In the embodiment of the invention, a common steady k-fold cross validation analysis method is adopted to optimize the risk prediction model of the subliminal depression population, and the method specifically comprises the following steps: for the plurality of testers, the total number of the first tester and the second tester can be assumed to be n, k can be assumed to be 10, i.e. 10 folds, that is, the number of people included in each fold is n/10, and the number of people in each fold is random; and (3) randomly keeping the serum characteristic cell factors of the testers in the fold 1 as a test data set during each training, and adjusting the kernel parameters c and gamma of the support vector machine according to the Gaussian radial basis function every time by randomly iterating 1000 times by using the serum characteristic cell factors of the testers in the fold 9 as a training data set, so as to obtain the classification accuracy of the first tester and the second tester after each parameter change, thereby obtaining the good classification accuracy of the first tester and the second tester and further obtaining the trained subliminal depression risk prediction model.

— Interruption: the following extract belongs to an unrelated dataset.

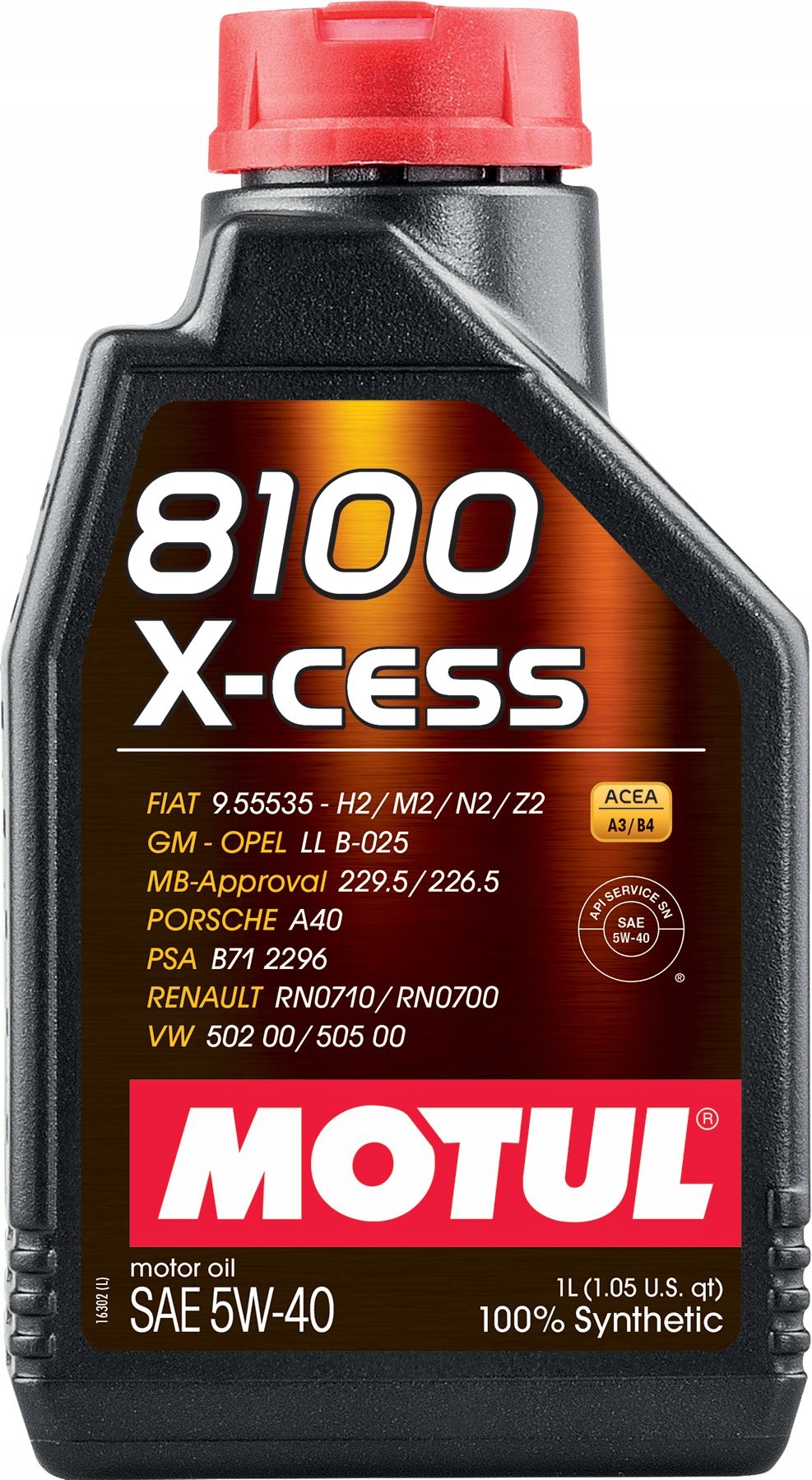 Olej Motul 5W40 1L 8100 X-cess A3/B4 502.00 505.00 229.5 226.5 A40
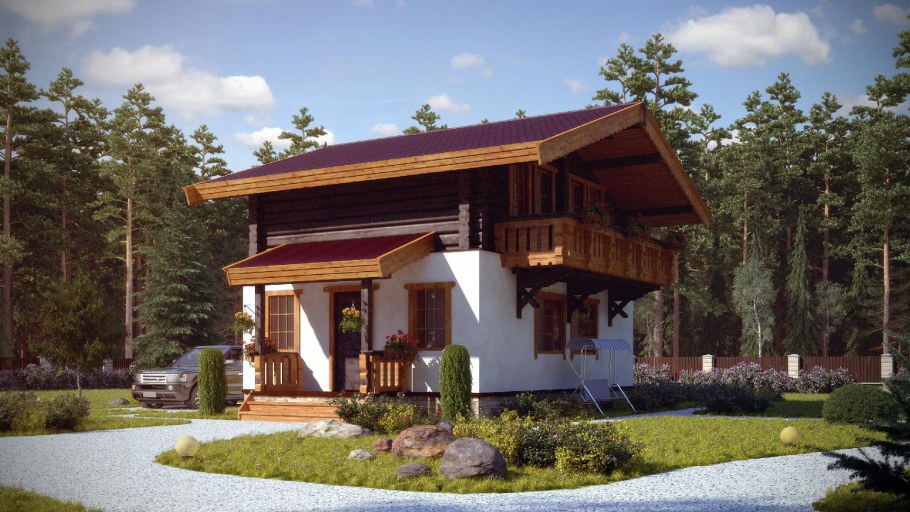 Дом в стиле Шале полутораэтажный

The results of comparing the concentrations of cytokines IL-1 β, IL-4, IL-10, IL-17, IL-2 Ra, LIF, MIF and SDF-1 α in peripheral blood of sub-threshold depressed population and healthy volunteer groups using non-parametric test statistical analysis are shown in FIG. 1.
The concentrations of IL-1. beta., IL-4, IL-10, IL-17, IL-2R. alpha., LIF, MIF and SDF-1. alpha. were determined, and the results are shown in FIG. 1.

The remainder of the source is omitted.